Background: Epilepsy is a central nervous system disorder (neurological disorder). Epileptic seizures are the result of excessive and abnormal cortical nerve cell electrical activity in the brain. Despite the development of more than 10 new antiepileptic drugs (AEDs) since the early 2000s, approximately a third of people with epilepsy remain resistant to pharmacotherapy, often requiring treatment with a combination of AEDs. In this review, we summarised the current evidence regarding rufinamide, a novel anticonvulsant medication, which, as a triazole derivative, is structurally unrelated to any other currently used anticonvulsant medication when used as an add-on treatment for drug-resistant epilepsy. In January 2009, rufinamide was approved by the US Food and Drug Administration for the treatment of children four years of age and older with Lennox-Gastaut syndrome. It is also approved as an add-on treatment for adults and adolescents with focal seizures. This is an updated version of the original Cochrane Review published in 2018.

Objectives: To evaluate the efficacy and tolerability of rufinamide when used as an add-on treatment for people with drug-resistant epilepsy.

Search methods: We imposed no language restrictions. We contacted the manufacturers of rufinamide and authors in the field to identify any relevant unpublished studies.

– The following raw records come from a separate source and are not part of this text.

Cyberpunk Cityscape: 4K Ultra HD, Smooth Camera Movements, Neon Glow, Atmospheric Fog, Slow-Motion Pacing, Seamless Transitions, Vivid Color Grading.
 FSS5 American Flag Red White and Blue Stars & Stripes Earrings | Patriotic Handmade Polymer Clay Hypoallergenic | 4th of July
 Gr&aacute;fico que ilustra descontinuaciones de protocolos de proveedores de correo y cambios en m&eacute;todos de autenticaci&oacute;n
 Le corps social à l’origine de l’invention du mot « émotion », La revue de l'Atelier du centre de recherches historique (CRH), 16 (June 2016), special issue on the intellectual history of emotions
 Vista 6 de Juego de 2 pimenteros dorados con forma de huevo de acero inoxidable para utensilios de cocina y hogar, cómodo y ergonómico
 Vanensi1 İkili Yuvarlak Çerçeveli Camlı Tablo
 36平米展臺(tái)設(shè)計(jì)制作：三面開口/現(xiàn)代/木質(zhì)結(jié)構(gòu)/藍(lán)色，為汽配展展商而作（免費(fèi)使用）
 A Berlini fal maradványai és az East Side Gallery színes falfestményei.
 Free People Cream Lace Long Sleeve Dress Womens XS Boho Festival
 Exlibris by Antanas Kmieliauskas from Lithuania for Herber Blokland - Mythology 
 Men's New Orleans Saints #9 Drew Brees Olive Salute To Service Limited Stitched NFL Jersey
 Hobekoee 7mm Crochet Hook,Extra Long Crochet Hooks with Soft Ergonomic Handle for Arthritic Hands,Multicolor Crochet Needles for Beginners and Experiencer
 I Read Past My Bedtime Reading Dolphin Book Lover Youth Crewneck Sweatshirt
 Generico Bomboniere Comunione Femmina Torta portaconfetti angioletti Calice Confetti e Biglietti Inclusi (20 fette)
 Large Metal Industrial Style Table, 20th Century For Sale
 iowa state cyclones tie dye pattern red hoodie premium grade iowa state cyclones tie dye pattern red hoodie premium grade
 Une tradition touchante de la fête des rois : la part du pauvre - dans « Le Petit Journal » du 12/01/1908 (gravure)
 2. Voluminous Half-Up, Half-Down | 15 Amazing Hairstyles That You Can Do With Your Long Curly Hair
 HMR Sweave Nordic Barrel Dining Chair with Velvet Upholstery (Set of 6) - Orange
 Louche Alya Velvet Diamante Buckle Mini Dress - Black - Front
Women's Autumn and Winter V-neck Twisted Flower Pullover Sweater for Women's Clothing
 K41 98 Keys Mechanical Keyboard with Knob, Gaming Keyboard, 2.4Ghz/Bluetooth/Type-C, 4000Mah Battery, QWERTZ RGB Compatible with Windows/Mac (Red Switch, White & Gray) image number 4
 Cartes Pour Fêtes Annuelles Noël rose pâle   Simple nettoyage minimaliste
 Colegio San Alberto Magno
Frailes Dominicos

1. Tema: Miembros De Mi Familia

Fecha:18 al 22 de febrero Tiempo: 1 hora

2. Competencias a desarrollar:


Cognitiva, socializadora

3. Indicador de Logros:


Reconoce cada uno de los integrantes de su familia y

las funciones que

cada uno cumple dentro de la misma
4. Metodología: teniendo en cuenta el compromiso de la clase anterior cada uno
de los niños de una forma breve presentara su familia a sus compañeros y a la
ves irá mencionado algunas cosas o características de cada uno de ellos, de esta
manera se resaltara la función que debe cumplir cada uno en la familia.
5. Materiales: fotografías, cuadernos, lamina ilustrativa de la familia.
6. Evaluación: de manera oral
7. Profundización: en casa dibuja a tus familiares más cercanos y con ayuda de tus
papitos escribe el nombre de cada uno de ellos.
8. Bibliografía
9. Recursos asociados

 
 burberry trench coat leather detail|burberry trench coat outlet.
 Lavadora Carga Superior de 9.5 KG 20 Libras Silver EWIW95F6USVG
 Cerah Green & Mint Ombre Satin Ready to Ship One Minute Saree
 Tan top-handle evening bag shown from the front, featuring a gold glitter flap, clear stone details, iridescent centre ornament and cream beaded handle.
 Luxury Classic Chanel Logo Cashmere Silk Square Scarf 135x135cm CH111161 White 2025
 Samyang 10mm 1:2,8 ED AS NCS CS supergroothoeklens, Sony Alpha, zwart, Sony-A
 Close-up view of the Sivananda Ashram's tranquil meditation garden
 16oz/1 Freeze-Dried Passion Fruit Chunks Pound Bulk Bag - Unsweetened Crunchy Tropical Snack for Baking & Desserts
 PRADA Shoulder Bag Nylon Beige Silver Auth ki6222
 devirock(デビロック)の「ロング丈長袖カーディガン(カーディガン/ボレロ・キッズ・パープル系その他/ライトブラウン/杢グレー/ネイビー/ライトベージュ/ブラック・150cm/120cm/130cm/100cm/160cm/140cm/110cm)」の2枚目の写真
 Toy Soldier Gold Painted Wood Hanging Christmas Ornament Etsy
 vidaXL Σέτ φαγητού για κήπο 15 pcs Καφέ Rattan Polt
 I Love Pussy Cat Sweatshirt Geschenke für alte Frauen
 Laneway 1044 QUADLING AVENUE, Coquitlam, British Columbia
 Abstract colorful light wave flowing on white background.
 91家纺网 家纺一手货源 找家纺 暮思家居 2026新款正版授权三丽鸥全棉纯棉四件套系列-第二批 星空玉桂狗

Selection criteria: Randomised, double-blind, placebo-controlled, add-on trials of rufinamide, recruiting people (of any age or gender) with drug-resistant epilepsy.

Data collection and analysis: Two review authors independently selected trials for inclusion and extracted the relevant data. We assessed the following outcomes: 50% or greater reduction in seizure frequency (primary outcome); seizure freedom; treatment withdrawal; and adverse effects (secondary outcomes). Primary analyses were intention-to-treat (ITT) and we presented summary risk ratios (RRs) with 95% confidence intervals (CIs). We evaluated dose response in regression models. We carried out a risk of bias assessment for each included study using the Cochrane 'Risk of bias' tool and assessed the overall certainty of evidence using the GRADE approach.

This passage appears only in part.